### TASK GOAL
Report the count of lines in the records that contain "Cushions", without any added text.

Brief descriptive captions
· · ·

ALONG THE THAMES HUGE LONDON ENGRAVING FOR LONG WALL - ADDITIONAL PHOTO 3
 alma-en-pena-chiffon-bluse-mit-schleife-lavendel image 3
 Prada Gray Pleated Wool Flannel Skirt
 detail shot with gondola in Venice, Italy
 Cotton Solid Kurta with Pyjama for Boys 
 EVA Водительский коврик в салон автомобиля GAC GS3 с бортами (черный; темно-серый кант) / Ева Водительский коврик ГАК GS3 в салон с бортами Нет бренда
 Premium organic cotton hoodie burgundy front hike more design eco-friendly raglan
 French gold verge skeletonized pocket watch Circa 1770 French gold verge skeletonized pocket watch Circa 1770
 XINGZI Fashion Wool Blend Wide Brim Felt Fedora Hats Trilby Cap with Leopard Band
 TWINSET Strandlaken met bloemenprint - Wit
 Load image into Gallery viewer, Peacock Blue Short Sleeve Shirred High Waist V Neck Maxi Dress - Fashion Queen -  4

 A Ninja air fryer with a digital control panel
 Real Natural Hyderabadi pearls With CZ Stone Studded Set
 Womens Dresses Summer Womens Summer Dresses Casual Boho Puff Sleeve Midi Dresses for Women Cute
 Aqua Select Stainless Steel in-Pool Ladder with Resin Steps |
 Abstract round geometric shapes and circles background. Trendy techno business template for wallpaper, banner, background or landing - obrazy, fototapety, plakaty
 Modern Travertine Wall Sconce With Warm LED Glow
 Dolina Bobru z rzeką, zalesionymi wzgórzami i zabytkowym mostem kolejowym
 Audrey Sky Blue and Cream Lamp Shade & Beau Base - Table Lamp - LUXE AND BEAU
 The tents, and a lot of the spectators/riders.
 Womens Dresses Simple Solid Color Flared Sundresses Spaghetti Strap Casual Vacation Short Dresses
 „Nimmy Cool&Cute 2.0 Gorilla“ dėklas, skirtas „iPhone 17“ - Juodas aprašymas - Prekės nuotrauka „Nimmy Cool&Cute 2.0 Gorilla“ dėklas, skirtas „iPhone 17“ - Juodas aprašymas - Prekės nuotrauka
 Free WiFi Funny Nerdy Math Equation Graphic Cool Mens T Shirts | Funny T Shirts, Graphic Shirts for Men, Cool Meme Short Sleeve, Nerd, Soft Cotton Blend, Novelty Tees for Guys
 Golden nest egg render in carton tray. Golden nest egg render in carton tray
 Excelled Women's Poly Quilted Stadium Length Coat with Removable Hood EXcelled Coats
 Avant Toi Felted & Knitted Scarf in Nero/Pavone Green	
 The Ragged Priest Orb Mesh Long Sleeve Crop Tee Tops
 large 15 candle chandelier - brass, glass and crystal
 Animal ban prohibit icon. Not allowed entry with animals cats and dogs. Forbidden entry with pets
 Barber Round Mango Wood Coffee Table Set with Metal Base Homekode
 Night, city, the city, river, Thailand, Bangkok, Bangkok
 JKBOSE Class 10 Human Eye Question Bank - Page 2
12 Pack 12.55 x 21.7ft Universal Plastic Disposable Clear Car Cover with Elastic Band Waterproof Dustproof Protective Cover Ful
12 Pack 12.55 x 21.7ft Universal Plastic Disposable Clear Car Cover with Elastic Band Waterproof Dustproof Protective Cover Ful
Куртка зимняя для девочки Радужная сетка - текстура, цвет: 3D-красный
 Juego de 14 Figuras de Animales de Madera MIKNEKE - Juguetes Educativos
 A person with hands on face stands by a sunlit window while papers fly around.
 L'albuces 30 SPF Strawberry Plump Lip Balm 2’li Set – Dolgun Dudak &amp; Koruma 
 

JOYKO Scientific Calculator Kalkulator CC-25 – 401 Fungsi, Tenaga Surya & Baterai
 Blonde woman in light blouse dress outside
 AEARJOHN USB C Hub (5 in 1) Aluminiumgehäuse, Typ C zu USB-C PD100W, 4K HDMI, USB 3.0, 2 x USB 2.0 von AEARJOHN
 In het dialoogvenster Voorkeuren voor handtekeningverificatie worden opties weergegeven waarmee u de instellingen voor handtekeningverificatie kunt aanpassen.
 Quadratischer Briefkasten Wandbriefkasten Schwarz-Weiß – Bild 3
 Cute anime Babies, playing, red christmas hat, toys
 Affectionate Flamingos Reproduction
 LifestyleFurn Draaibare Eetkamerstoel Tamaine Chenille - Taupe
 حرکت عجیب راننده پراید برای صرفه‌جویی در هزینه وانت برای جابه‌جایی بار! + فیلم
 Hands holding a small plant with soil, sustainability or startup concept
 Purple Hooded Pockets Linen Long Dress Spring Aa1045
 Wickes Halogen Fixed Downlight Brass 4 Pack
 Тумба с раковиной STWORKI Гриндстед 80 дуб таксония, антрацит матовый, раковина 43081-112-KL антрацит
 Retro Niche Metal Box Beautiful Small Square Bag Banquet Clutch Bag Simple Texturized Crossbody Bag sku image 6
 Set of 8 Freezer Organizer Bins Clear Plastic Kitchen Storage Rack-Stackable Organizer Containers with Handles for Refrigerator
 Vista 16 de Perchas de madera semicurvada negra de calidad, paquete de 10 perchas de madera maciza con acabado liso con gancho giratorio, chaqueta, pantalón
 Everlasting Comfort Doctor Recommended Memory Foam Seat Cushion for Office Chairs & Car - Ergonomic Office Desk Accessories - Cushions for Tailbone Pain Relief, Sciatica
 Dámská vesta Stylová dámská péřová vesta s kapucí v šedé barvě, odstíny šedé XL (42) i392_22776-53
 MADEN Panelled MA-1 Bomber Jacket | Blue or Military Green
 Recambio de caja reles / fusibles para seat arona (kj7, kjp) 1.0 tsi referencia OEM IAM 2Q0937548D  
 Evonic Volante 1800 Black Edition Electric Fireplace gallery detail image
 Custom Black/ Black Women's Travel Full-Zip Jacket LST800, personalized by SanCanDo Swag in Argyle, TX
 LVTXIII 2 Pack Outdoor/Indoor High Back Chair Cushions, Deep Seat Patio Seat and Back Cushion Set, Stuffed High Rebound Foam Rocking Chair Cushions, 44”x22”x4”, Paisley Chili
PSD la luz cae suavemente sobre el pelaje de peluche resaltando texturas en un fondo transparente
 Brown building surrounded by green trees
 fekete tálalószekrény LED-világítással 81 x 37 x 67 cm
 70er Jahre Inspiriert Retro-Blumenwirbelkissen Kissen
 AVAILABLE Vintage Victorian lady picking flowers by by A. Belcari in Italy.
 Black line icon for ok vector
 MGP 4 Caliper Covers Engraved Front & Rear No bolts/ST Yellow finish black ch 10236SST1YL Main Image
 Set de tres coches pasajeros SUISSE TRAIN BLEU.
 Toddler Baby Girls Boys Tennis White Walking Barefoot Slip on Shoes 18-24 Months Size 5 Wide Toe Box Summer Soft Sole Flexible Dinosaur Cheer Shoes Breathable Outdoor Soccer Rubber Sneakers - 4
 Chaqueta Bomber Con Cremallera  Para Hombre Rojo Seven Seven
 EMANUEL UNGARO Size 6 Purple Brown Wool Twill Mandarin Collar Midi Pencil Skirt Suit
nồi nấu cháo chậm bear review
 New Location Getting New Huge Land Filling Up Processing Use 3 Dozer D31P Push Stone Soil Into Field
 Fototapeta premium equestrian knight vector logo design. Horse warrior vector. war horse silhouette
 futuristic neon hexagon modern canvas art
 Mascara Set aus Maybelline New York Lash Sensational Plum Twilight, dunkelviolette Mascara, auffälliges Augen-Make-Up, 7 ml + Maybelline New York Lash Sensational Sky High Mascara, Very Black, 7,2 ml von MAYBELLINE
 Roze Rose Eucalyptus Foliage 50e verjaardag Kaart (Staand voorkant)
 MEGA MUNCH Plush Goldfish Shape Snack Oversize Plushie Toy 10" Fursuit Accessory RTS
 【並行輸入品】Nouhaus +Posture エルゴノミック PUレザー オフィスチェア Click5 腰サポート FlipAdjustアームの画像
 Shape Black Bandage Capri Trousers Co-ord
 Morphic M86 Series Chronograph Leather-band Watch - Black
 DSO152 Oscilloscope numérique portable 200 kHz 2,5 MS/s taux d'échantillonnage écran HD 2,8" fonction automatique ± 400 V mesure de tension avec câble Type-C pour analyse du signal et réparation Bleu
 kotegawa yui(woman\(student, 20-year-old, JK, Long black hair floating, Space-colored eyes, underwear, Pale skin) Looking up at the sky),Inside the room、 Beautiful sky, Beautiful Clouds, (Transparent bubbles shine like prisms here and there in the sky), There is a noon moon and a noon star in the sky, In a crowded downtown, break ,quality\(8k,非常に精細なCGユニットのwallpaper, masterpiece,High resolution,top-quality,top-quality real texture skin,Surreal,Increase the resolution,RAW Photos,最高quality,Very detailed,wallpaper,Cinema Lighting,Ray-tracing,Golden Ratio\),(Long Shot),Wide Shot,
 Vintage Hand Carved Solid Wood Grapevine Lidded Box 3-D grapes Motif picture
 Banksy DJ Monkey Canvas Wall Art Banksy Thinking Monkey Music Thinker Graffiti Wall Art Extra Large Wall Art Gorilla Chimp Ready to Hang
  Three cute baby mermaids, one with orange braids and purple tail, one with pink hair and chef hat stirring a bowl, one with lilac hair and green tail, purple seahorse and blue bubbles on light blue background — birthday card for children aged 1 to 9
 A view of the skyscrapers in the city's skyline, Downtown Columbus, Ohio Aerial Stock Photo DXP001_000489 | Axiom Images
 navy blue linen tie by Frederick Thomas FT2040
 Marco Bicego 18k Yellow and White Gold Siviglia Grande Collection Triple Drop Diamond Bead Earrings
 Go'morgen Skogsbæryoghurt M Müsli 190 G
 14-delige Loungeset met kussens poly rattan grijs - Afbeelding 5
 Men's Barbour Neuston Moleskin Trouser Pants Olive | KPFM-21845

· · ·

### EXERCISE ANSWER
2